For interns in Hawaii, the accessibility of nature and the Aloha spirit of the Polynesian culture is part of Hawaii's allure but it is important to approach this opportunity with a realistic attitude. Interns can expect to gain field experience observing behaviors of endangered sea turtles from the beach and from the water; they will not be directly touching the turtles since we want to keep nature undisturbed as much as possible. The frequency of sea turtle sightings in Hawaii's natural environment provides increased encounters with wild sea turtles, which is not often available anywhere else in the world.
Applicants must have a sense of adventure, be comfortable in new cultures and be able to work efficiently with others. Although interns will have projects they will be focusing on during their term, much of their day-to-day work will originate on an as-needed and opportunity basis. 'Island Time' dictates plans may change frequently with irregular schedules becoming normal. Interns must be flexible and relaxed to the ever-changing requirements of the organization, its program participants, and its partners in conservation.
NBA Hall of Famer Yao Ming, student of Shanghai Jiaotong University, receives certificate from Sea Turtles 911.
Since we are a non-profit charity, we rely on program fees to cover the costs of the internship for student volunteers who wish to be part of the journey to save sea turtles. The amount of the program fee varies depending on whether students require our assistance in providing housing and transportation. Living on a tropical island can be expensive, so we try to work with students to minimize costs and expenses. Since 2010, students have received scholarships to enroll in the Sea Turtles 911 internship program, such as from Oregon State University.
Upon completion of the program, graduated students will receive an official certificate with an unique quick response (QR) code, which can be scanned to verify authenticity of the document. Student graduates can also have their names listed on our website, which further confirms their participation in the program when they list this work experience on their resume for future job opportunities.
Sylvia Earle and Frederick Yeh, Founding Director of Sea Turtles 911.
To apply for this volunteer internship, complete the Program Registration Form and send your resume and cover letter to: email@example.com. The program requires a minimum of four (4) weeks with acceptance open throughout the year. In your cover letter, please indicate which locations you are interested in.

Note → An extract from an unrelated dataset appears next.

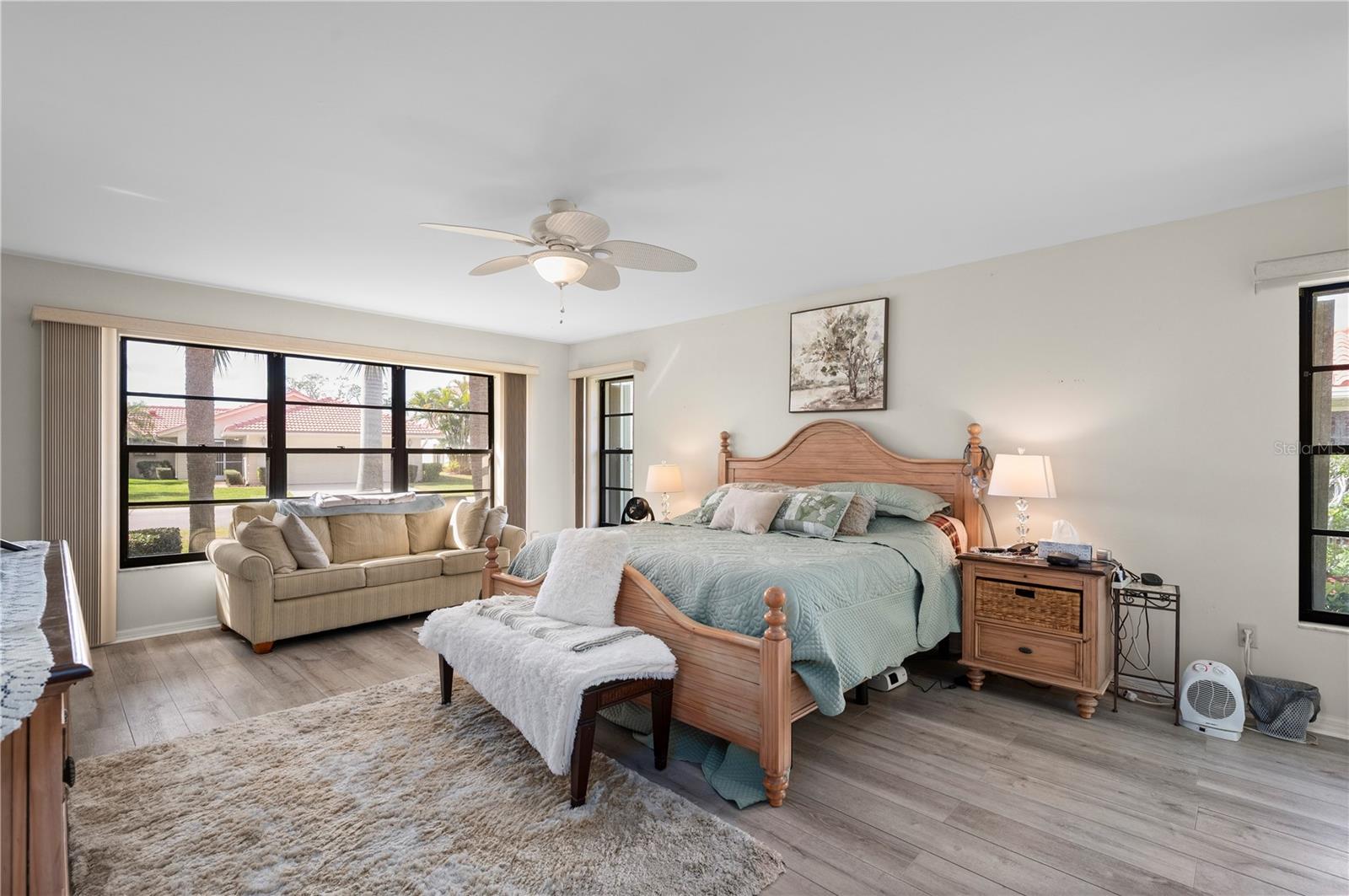 Image 26 of 50 For 11365 Essex Drive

As the world faces more environmental issues as human populations increase, global challenges will only increase. Students should have the basic environmental conservation knowledge and volunteer experience to solve these issues as global conscious citizens aiming for long-term sustainable growth of our planet. Since the field of environmental protection encompasses many areas of expertise, students with career interests which expand into a variety of fields are encouraged to apply. Environmental degradation and loss of species in today's world is occurring at an alarming rate, making it imperative that governments and industries act now to reverse the damage being done to our planet. Many companies and agencies look for students with distinct knowledge and experience in conservation to integrate into their long-term goals of sustainable growth and social responsibility. As living legend Sylvia Earle asked, "Our near and distant predecessors might be forgiven for exterminating the last woolly mammoth, the ultimate dodo, the final sea cow, and the last living monk seal for lack of understanding the consequences of their actions. But who will forgive us if we fail to learn from past and present experiences, to forge new values, new relationships, a new level of respect for the natural systems that keep us alive?"